Live Review: Imaginary Cities with The Coppertone at Biltmore Cabaret

Thursday night I walked through in rain, towards the Biltmore Cabaret. I felt a sense of urgency as the droplets bombarding me, seemed to be getting larger by the second. I soon found the front doors, and proceeded inside. By the looks of things, it was a full house. I was really unable to move all that much. The crowd and I were standing shoulder to shoulder. The faint smell of Pabst Blue Ribbon lingered in the air. This scent is embedded in the annals of my mind, it pulls up the folder marked – good times and great music.

I worked through the audience, and planted myself right next to the stage. Soon it would be time for musical intake.

The velvet curtain, surrounding the stage, was pulled open.
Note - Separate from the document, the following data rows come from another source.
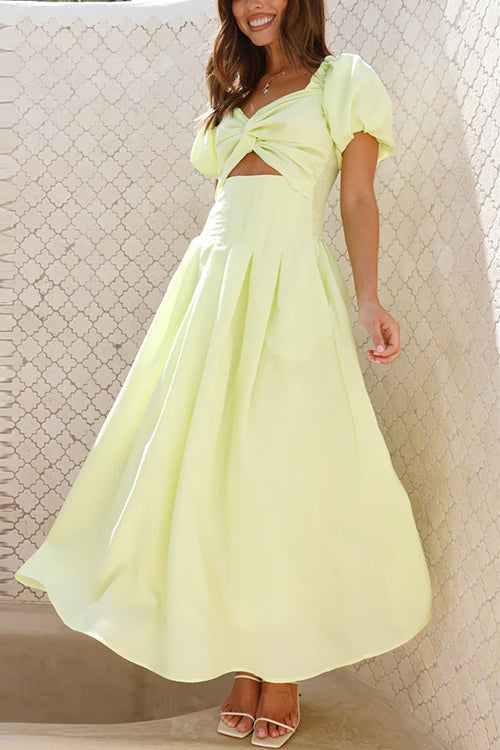 Maxikleid Damen Puffig Ärmel Ausgeschnittenes Design Baumwolle Polyester-3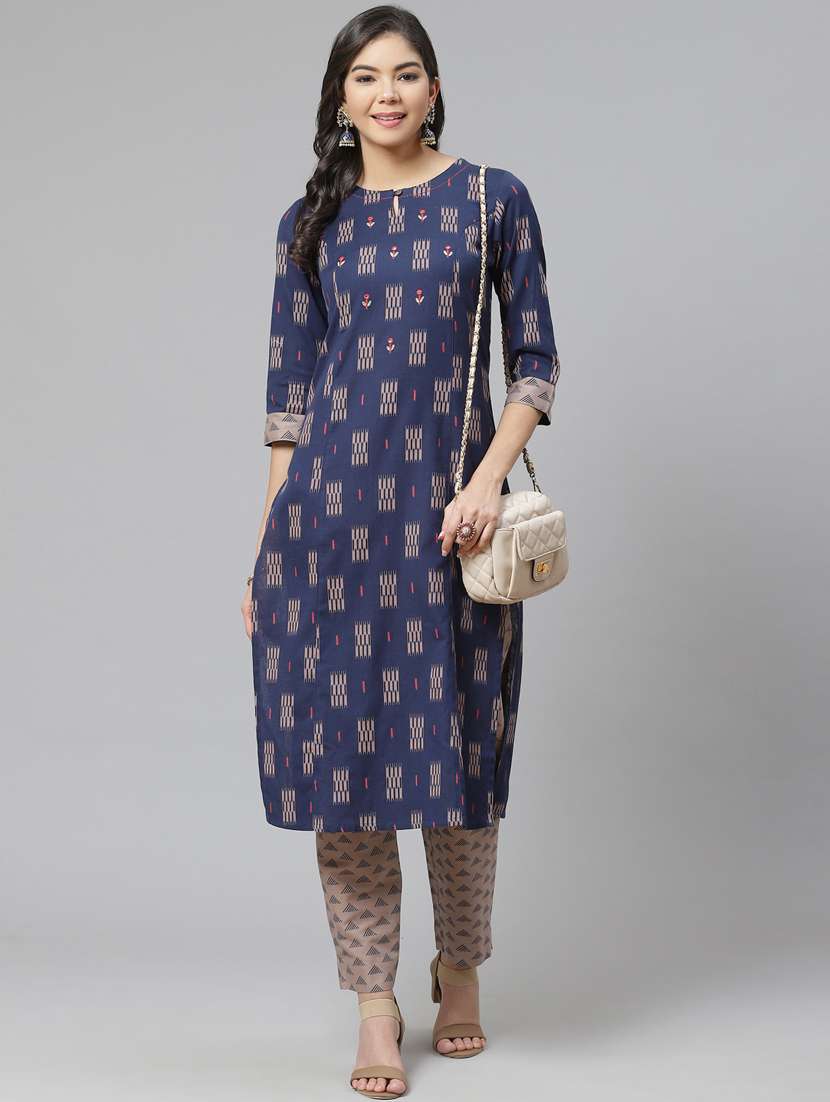 multi colored cotton blend kurta pant  set - 18261340 -  Zoom Image - 0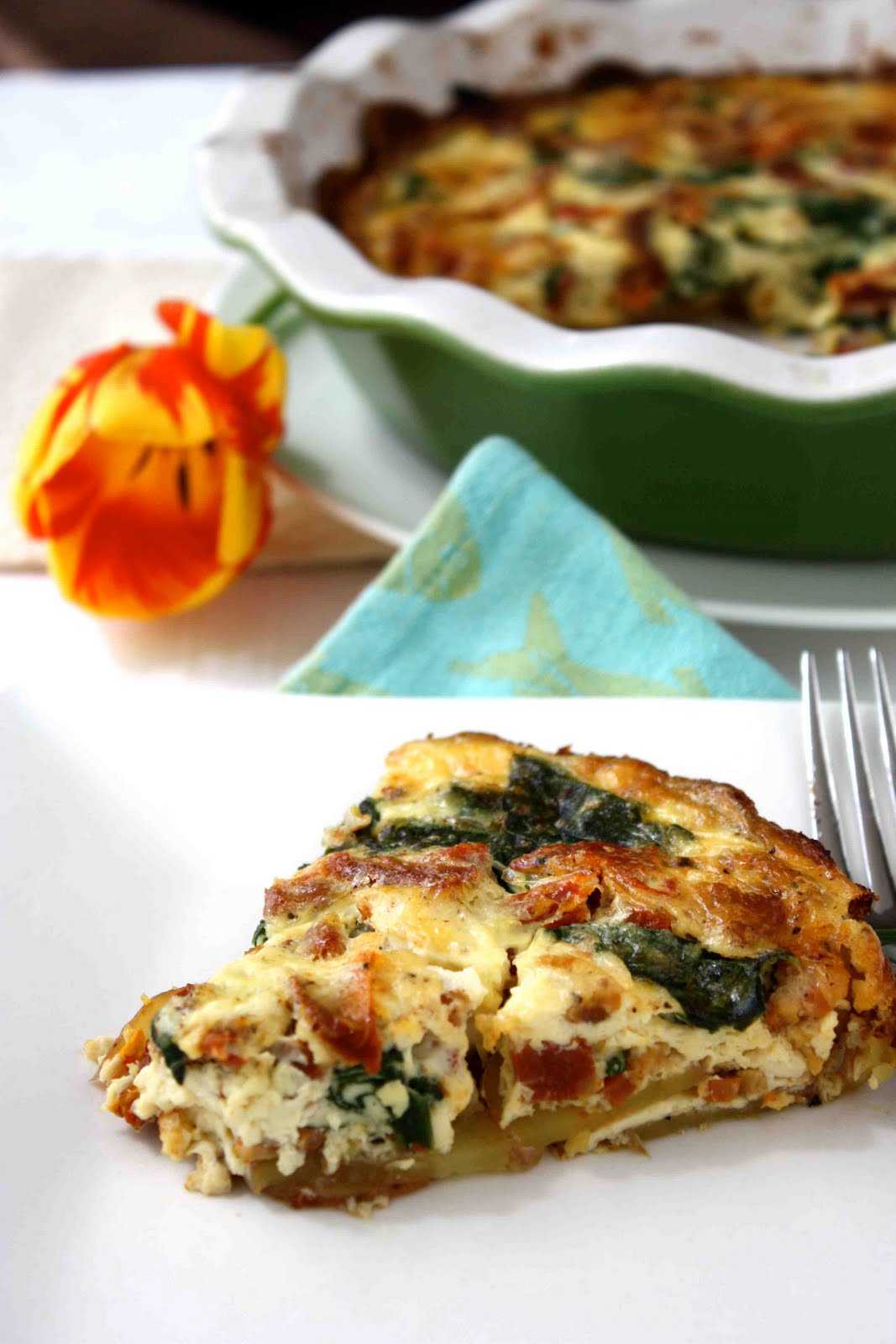 PotatoCrusted Quiche Recipe with Pancetta, SunDried Tomatoes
There stood the three-piece from King City, Toronto known as The Coppertone. Amanda Zelina, the lead singer and star attraction, strolled up to the mic. Theatrical smoke formed a dramatic haze around the platform. As the lyrics crawled through the venue, I became mesmerized. The bluesy rasp of Ms. Zelina seemed to resurrect something historical. She belted out a passionate prose, with a certain gut driven growl, embodying a new age Joplin. Like I said I could not take my eyes of her. She was the centerpiece to the band, she was intoxicating.
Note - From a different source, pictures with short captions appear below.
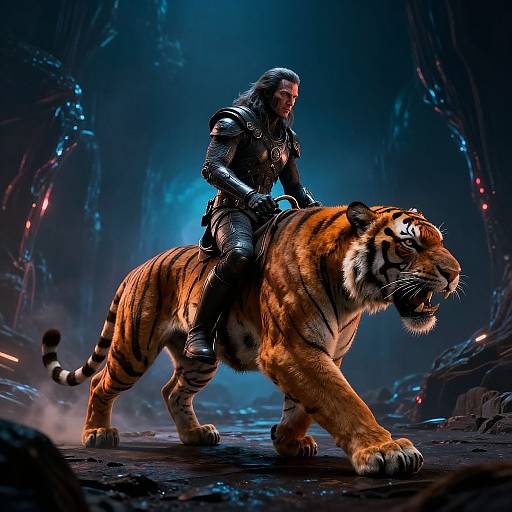 Digital artwork of a muscular man in black, metallic armor riding a fierce, roaring tiger through a futuristic, blue-lit, industrial landscape.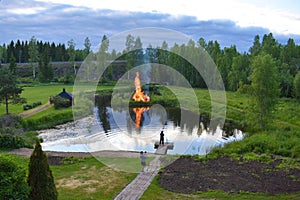 Midsummer bonfire in Juokslahti, Finland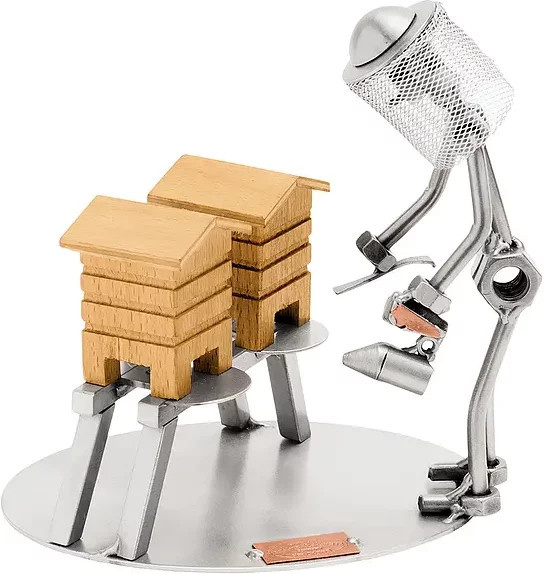 Schraubenmännchen Imker von Hinz & Kunst in Silber aus Holz und Metall - Bild 1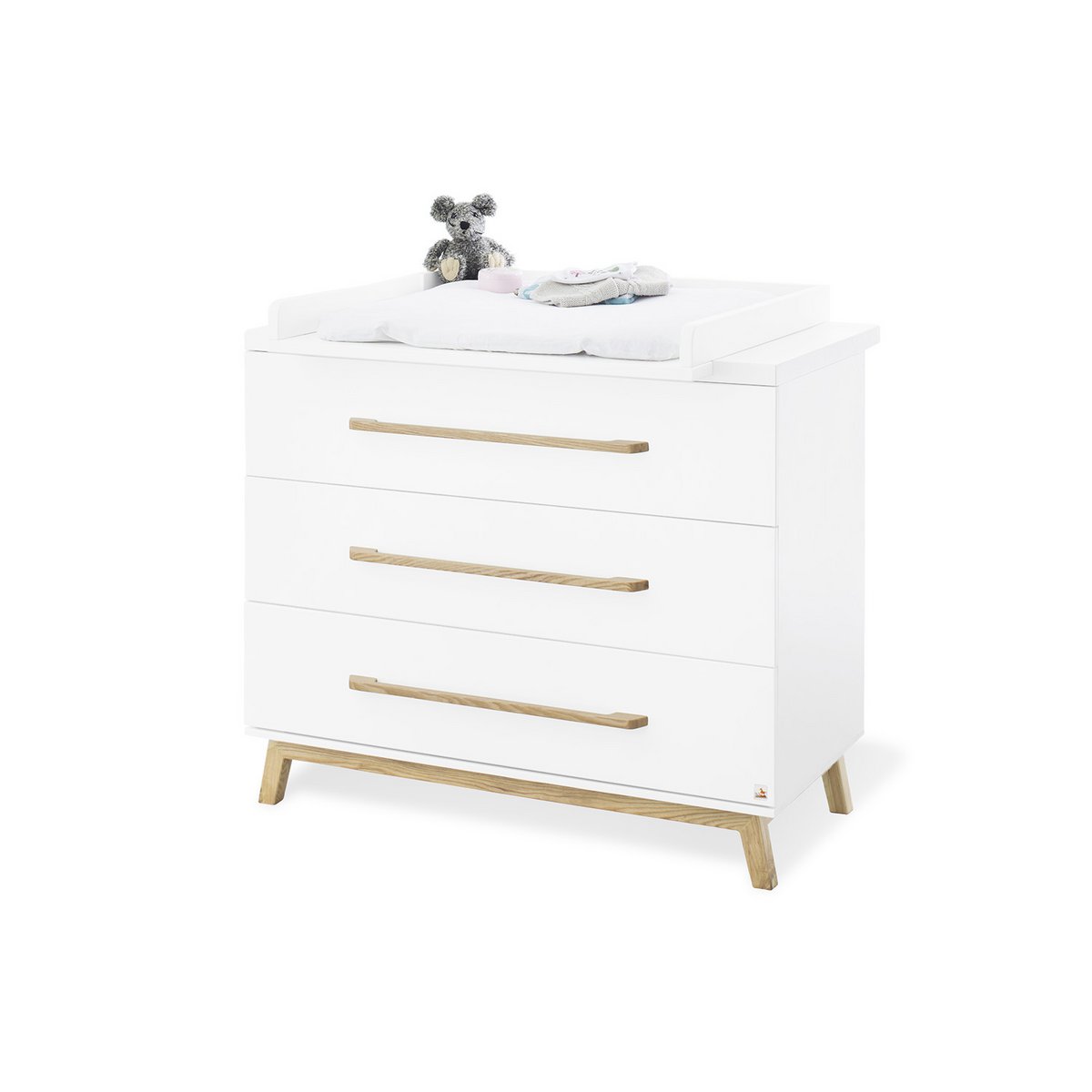 Children's room 'Riva' - 2 parts: Bed/Wide Chest of Drawers - White/Natural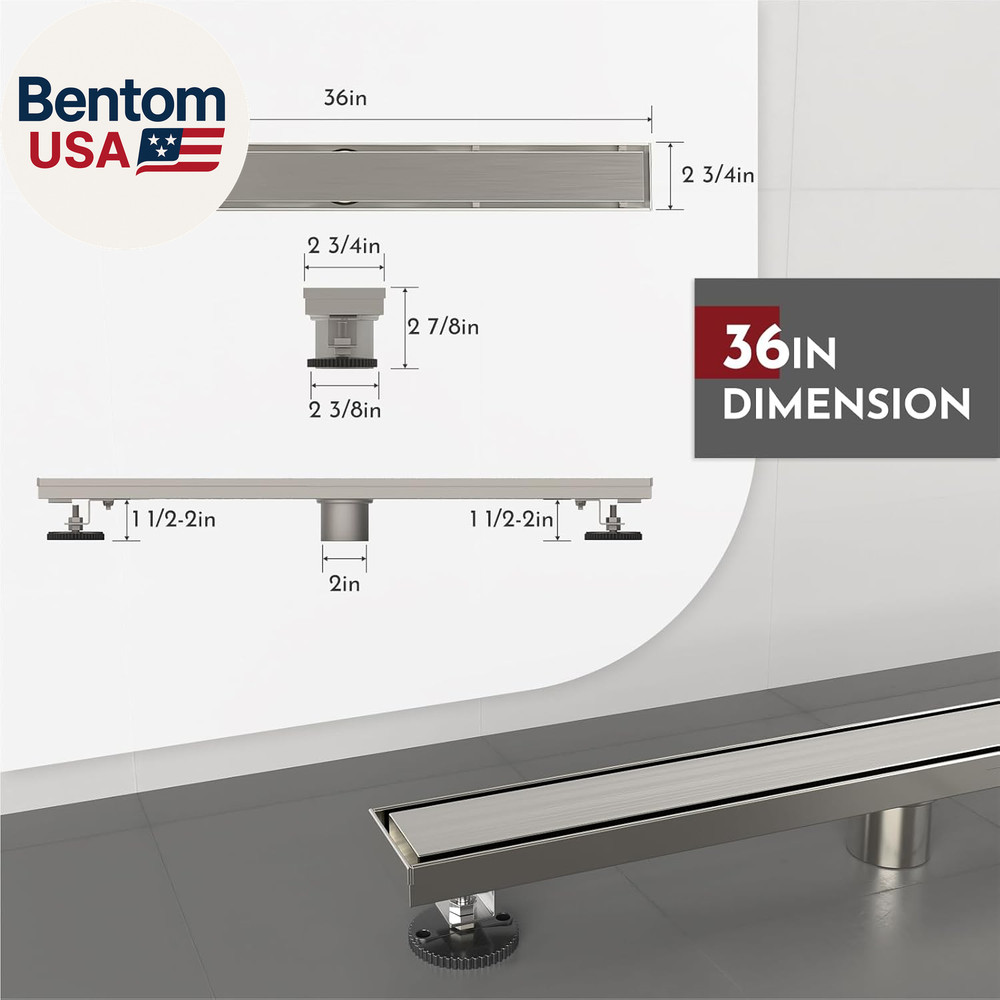 36 Inch Linear Shower Drain Rectangular Floor Drain with Accessories Reversible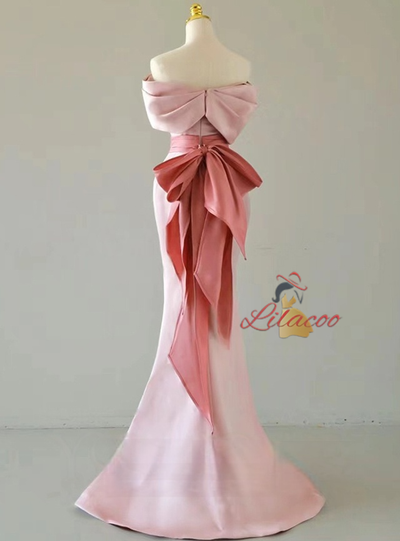 Pink Mermaid Off the Shoulder Bow Prom Dress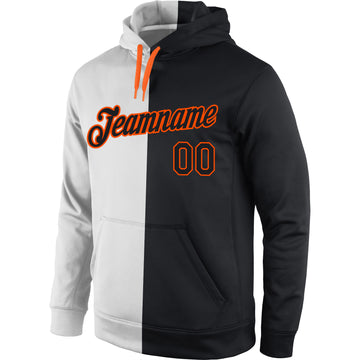 Custom Stitched White Black-Orange Split Fashion Sports Pullover Sweatshirt Hoodie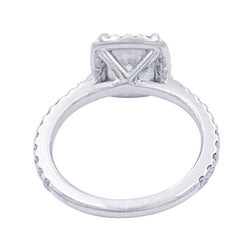 Bague diamant coussin, platine - Castafiore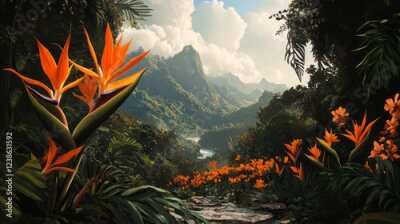 Papier peint  Bright orange strelitzia (bird-of-paradise) flowers against a tropical jungle backdrop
After The Coppertone has finished their set, it was time for the crowd to recharge. I worked my way over to the merchandise table, which was now being run by Amanda and her band mates. I perused the goodies, and gave a nod to the band. I quickly returned to my post, to wait on the main act.
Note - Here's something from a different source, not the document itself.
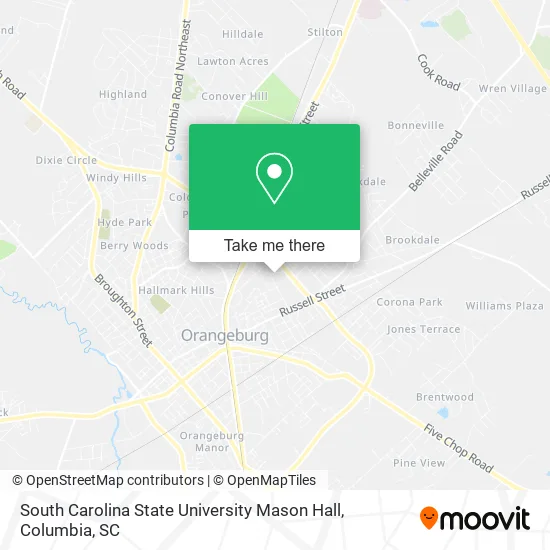 Mapa de South Carolina State University Mason Hall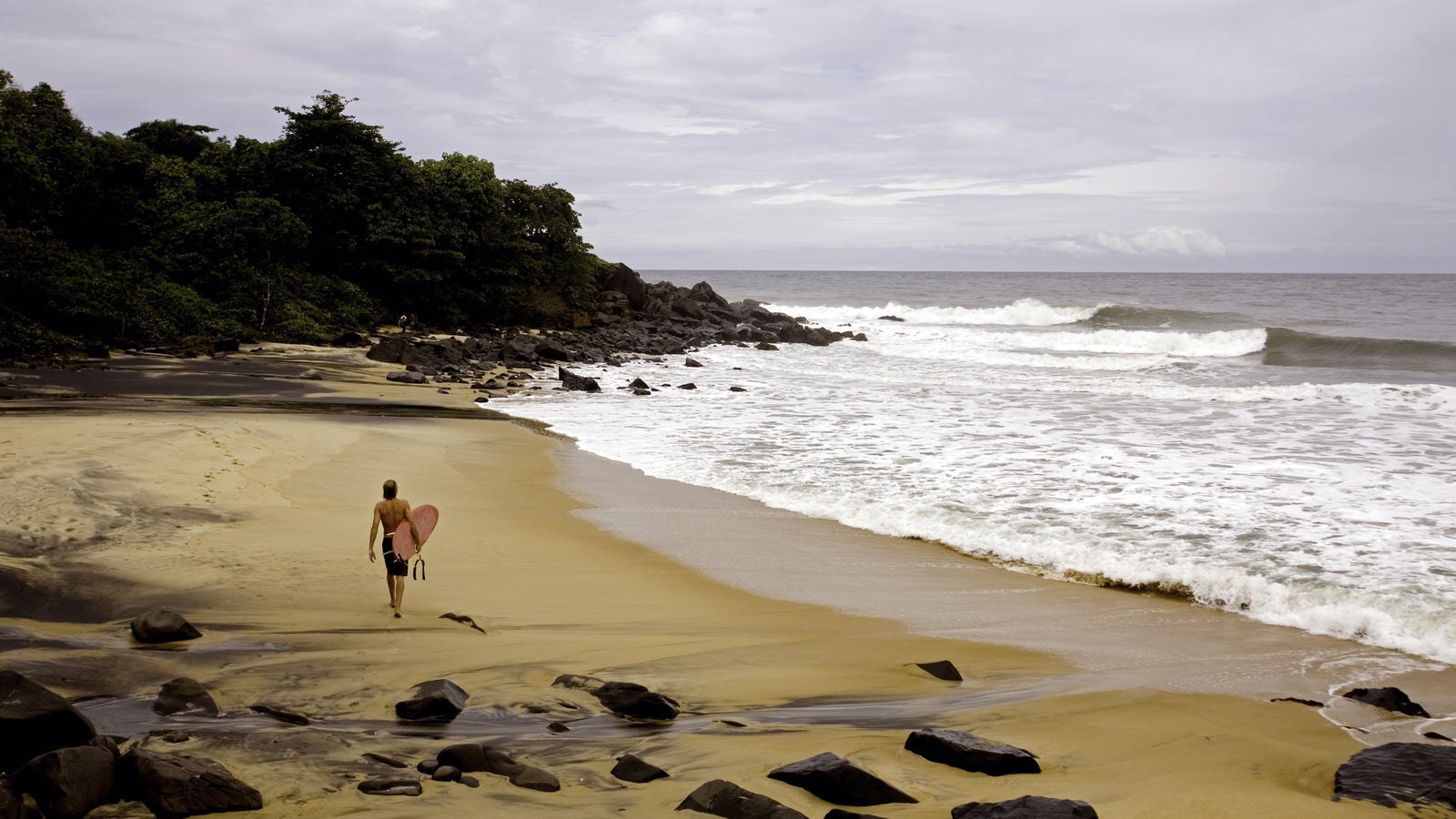 A surfer, with board under his right arm, walks alone along a beach at Robertsport; the beach is backed by verdant forest, while rolling waves crash on the beach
Looking around the room, I noticed that the regular Biltmore crew was not in attendance. The thick rimmed glasses were scarce. None the less it was a packed house, and the party was about to get started. The mob slowly began to move on the stage. Squeezing into place. The anticipation was growing.

Once again, those dramatic curtains slid apart. The four piece band from Winnipeg were all grinning ear to ear. Marti Sarbit stood front and center, ready to rock the house. They leaped into their set, and it was high energy from the word go. Sarbit’s vocals were playful and yet very powerful. Her stage personae is way bigger than life. Rusty Matyas, on guitar, was intense to watch. His face contorting as if it was controlling the movement of his hands across the frets.

The audience bought into the set almost immediately, and so the symbiotic relationship began. The two entities feeding off one another’s energy, back and forth as the level grew and grew. Looking out across the crowd, it seemed like every song in the set was a sing-a-long. The majority of those attending, new every single word, to every single song. It was magical to watch.

The band worked the stage, making use of what little space they had. Marti seemed to have a signature move, which I will call the Marti Hair Flip from now on. It looked to have been inspired by the side to side head movements mode popular in the eighties. This side to side hair flip added to the playfulness of her presentation, which really tied into the band’s indie pop bop sound.

By the end of the night I was sold. This band was great. They also get a few bonus points for originating from Winnipeg, which is where a bunch of my family is from. On top of that, they get a few extra points because Rusty used to be in The Waking Eyes. I saw The Waking Eyes play at the Biltmore Cabaret about 3 years ago and they blew my mind.

Overall I was amazed by the band. They pulled off a great show. Looking back on the night though, I felt that The Coppertone just had a bit more. Amanda Zelina is truly amazing. With her Joplin’esque blues and her punk stage swagger, she has my vote. Don’t get me wrong, both bands were on top of their respective games but I will take true blues rock over indie-pop any day. Plus who can resist a redhead with a guitar, she was fucking sexy as hell. Kudos to both bands for granting us all such an inspiring evening.